OpenVPN bandwidth, cpu utilization, multi-client, .... Do I understand this correctly?

  • Greetings netgate community,

    I'm new here! hello hi and hello.

    I'm in the planning stages to mature a the networking/server infrastructure at the small company I work for. I want to deploy solutions to improve data protection at rest and in flight. We're around 70 users and growing fast. (could be 200 in 6-8 years).

    It's not uncommon for more than half of our employees to be on the road at any given time. Time to batten down the hatches: VPN, drive encryption, device management, configuration compliance, vulnerability assessments, security information and event management, endpoint monitoring, full packet capture, etc etc.. pfsense looks like a great component to put in the core of our network to juggle some capabilities and properly isolate various networks, but I'm not clear on whether openVPN will scale for this sort of deployment.

    I want the connection experience to be the same whether users are in the office, at home, or on the road, so I intend to transform the entire access layer of the building network into an "untrusted" network. I intend to configure all domain joined, company issued computing devices to connect using the same full tunnel VPN capability for a unified connection experience in and out of the office.

    If I understand correctly, openVPN supports a "full tunnel" mode that will tunnel ALL TCP/IP traffic on the client device through the VPN. I would like the effective gateway of the domain joined client devices to always be the gateway at our office secure-side network, so that all network traffic to/from the device can be looped through the secured side of the network and captured/inspected by an SIEM (Security onion) regardless of where the client computer connects to the domain/internet (either local untrusted network or on the road). Is my interpretation of this correct?

    If I understand correctly, openVPN supports a "bridged" mode, that extends the IP addressing scheme of the "secure" side network out to openVPN clients, so all devices share the same broadcast domain with no NAT required. I would like this for the sake of simple file sharing capability from windows file servers.

    If I understand correctly, an openVPN tunnel runs on a single process, single thread? Bandwidth is limited to ~50-300Mbps depending on the CPU and many other variables (assuming no constraints on the network connection otherwise).

    What I'm not totally 100% clear on, is whether the server side automatically spawns a new process for each openVPN tunnel/client connection. If I can get 100Mbps or better on average to most clients I'd be very happy, though 200+ would be preferred. The kicker is, will it scale to multiple CPU cores on the server side as multiple clients connect automatically?
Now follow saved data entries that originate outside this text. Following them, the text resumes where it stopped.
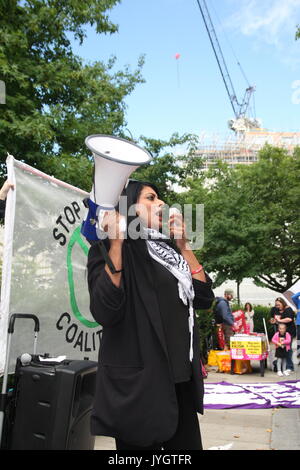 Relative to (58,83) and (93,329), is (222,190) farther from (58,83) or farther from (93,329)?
(93,329)

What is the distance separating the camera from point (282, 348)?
30.9 feet

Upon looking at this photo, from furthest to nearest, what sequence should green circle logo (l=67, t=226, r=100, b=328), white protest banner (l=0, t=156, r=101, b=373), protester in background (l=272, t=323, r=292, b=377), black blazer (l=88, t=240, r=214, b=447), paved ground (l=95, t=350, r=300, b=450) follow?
1. protester in background (l=272, t=323, r=292, b=377)
2. paved ground (l=95, t=350, r=300, b=450)
3. green circle logo (l=67, t=226, r=100, b=328)
4. white protest banner (l=0, t=156, r=101, b=373)
5. black blazer (l=88, t=240, r=214, b=447)

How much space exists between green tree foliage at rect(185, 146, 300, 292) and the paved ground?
1168 centimetres

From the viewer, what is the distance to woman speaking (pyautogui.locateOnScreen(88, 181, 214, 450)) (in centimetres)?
172

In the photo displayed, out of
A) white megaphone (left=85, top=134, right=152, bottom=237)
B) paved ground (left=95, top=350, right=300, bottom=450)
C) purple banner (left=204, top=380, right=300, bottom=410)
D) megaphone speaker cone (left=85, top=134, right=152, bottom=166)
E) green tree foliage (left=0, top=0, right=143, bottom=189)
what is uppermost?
green tree foliage (left=0, top=0, right=143, bottom=189)

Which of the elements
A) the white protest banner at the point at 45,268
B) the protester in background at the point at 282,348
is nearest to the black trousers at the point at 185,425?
the white protest banner at the point at 45,268

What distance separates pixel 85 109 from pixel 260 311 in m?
15.8

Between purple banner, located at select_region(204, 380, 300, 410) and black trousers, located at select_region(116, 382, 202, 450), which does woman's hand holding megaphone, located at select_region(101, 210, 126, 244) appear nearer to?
black trousers, located at select_region(116, 382, 202, 450)

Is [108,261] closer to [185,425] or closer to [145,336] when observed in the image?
[145,336]

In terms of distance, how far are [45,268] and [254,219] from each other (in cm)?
1715

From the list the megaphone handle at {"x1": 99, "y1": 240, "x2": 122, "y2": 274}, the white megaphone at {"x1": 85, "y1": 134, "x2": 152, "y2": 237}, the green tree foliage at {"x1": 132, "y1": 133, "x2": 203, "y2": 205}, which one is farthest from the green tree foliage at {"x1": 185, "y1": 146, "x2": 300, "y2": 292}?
the megaphone handle at {"x1": 99, "y1": 240, "x2": 122, "y2": 274}

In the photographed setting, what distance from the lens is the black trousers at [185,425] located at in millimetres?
1886

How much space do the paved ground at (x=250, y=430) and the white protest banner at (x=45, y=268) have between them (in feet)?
3.86

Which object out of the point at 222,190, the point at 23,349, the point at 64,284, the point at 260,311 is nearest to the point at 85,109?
the point at 64,284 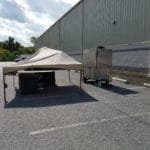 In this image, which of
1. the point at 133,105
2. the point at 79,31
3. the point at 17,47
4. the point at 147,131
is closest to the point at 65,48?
the point at 79,31

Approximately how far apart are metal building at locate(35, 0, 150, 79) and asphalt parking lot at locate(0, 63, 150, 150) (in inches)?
157

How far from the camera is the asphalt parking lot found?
3953mm

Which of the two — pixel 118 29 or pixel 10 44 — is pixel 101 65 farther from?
pixel 10 44

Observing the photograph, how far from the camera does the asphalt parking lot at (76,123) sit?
395 centimetres

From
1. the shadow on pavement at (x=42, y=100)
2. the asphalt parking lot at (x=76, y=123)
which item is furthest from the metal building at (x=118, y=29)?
the shadow on pavement at (x=42, y=100)

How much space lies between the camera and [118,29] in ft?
42.6

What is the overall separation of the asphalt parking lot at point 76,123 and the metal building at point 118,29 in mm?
3978

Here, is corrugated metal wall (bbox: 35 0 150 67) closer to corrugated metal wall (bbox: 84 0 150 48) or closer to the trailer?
corrugated metal wall (bbox: 84 0 150 48)

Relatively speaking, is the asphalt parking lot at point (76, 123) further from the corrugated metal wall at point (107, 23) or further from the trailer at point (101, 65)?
the corrugated metal wall at point (107, 23)

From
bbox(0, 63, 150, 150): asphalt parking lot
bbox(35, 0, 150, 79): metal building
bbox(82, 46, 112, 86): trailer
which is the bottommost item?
bbox(0, 63, 150, 150): asphalt parking lot

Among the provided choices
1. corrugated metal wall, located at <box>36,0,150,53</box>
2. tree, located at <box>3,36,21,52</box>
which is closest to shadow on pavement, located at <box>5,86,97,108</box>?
corrugated metal wall, located at <box>36,0,150,53</box>

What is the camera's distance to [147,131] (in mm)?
4523

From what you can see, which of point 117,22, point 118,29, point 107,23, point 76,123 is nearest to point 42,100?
point 76,123

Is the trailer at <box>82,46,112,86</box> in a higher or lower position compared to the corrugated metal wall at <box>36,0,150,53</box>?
lower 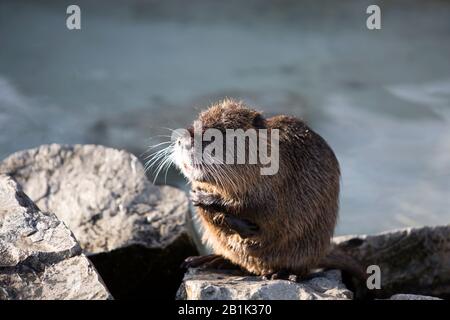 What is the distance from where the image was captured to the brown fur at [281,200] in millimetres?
3367

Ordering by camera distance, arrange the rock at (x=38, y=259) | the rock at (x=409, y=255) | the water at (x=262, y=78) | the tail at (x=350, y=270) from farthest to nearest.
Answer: the water at (x=262, y=78)
the rock at (x=409, y=255)
the tail at (x=350, y=270)
the rock at (x=38, y=259)

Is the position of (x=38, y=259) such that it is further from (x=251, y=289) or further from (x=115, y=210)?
(x=115, y=210)

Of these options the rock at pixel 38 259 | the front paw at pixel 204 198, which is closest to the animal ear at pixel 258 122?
the front paw at pixel 204 198

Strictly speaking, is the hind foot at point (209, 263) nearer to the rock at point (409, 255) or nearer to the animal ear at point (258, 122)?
the animal ear at point (258, 122)

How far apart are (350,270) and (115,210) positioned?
1.21 m

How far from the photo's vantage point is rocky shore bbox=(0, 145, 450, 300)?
3.02 m

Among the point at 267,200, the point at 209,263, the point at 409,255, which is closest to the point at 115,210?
the point at 209,263

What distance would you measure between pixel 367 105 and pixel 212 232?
412 cm

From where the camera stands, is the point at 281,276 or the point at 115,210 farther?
the point at 115,210

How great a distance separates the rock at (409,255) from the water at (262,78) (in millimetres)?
1135

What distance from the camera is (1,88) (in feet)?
A: 23.4

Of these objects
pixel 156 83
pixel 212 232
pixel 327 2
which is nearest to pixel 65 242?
pixel 212 232

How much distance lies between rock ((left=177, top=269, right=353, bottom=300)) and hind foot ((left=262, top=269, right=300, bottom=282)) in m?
0.05

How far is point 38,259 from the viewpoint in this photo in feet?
10.0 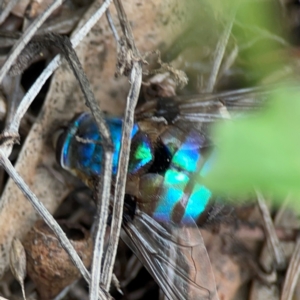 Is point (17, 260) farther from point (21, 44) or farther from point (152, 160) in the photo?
point (21, 44)

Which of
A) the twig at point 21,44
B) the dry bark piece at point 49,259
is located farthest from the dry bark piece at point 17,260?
the twig at point 21,44

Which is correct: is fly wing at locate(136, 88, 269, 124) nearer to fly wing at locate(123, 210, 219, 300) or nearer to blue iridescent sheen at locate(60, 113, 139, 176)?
blue iridescent sheen at locate(60, 113, 139, 176)

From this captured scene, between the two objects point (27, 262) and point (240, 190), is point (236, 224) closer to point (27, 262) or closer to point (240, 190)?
point (27, 262)

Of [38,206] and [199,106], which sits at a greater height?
[199,106]

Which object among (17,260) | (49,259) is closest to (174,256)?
(49,259)

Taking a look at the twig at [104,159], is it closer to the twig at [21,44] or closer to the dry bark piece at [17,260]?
the twig at [21,44]

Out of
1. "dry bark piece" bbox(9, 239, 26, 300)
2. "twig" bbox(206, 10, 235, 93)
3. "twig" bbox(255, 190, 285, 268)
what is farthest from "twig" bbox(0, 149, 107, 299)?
"twig" bbox(206, 10, 235, 93) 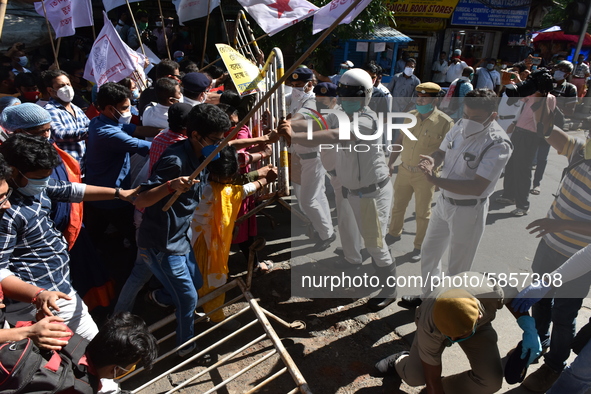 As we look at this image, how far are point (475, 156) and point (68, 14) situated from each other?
4.86 m

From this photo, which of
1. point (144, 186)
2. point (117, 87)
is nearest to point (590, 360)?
point (144, 186)

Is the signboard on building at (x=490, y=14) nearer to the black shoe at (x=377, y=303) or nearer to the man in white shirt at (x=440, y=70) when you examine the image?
the man in white shirt at (x=440, y=70)

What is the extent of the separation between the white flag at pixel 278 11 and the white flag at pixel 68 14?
2014 millimetres

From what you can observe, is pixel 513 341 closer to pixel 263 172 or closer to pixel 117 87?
pixel 263 172

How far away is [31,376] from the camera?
1.49 m

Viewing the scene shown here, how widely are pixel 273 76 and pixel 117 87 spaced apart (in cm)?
129

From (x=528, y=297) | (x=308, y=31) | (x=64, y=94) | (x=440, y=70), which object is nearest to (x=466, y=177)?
(x=528, y=297)

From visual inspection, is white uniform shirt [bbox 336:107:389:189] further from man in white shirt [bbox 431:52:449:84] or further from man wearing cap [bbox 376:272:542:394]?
man in white shirt [bbox 431:52:449:84]

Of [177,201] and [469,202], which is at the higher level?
[177,201]

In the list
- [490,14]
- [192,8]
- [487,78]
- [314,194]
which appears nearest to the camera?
[314,194]

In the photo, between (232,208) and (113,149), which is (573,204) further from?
(113,149)

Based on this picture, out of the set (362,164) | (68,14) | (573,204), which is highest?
(68,14)

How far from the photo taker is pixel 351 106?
134 inches

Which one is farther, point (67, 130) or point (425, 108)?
point (425, 108) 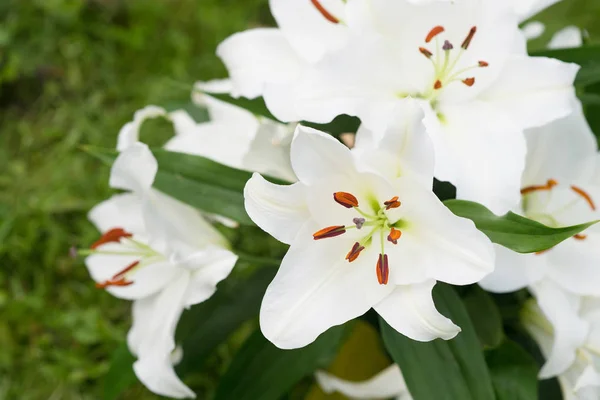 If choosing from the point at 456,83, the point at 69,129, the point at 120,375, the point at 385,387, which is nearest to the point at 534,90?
the point at 456,83

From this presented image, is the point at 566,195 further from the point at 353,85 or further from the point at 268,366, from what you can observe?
the point at 268,366

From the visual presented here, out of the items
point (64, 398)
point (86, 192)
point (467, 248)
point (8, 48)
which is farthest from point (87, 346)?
point (467, 248)

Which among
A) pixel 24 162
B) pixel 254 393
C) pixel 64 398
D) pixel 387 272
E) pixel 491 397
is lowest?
pixel 64 398

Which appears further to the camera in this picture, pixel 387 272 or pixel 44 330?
pixel 44 330

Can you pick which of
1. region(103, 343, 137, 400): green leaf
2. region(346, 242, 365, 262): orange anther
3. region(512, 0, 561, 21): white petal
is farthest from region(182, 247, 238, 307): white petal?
region(512, 0, 561, 21): white petal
    The openVPN hardware guides and pfsense hardware guides imply that the server side does scale to many-cores just fine for multiple connected clients (an example scenario with many hundreds of clients and 2.5Gbps needing approximately 16 fast cores comes to mind). However, there are dozens of threads around the interwebs, including openVPN documentation at clearOS talking about the single threaded bandwidth bottleneck issue with openVPN, and it's not obvious in those threads/guides if they are strictly speaking about a client side bandwidth concern (single tunnel from a single client). I would like to build out a load-balancing/failover dual pfsense box configuration that can move a few Gbps of aggregate openVPN traffic in worst case scenarios (many simultaneous connections). Is this feasible? Will this require an abnormal configuration to accomplish? (one response I was reading, suggested I would need to establish a separate interface for each VPN

    I'm looking at single and dual socket EPYC and Skylake Scalable solutions in 2U form factor. likely 24+ cores per box, 2 boxes configured for load-balance/fail-over. Want to make sure we can leverage the high core count to scale out VPN connections to many users. If this isn't the case I may need to approach this problem with a different solution. To be clear, the cost of building a pair of $10-15K servers to support this is not an issue, if it works, I don't care if we need a ton of CPU power to deploy. There are advantages to openVPN that I really want to incorporate here (primarily, the fact that it is likely to work almost anywhere, from behind almost any other network/firewall situation). I don't want to buy $25,000 worth of equipment then find out I have 95 cores twiddling thumbs and the entire organization sharing 100Mbps of bandwidth.

    I appreciate any insight/ideas/corrections on this matter.

    I haven't had time to do more thorough testing, but will no doubt run a non-production environment starting with VM's and moving onto real hardware for many months to learn all the quirks and work out the kinks before moving users/devices into the new domain.


  • @eric-marshall

    I guess that was just way TL/DR. Sorry Guys.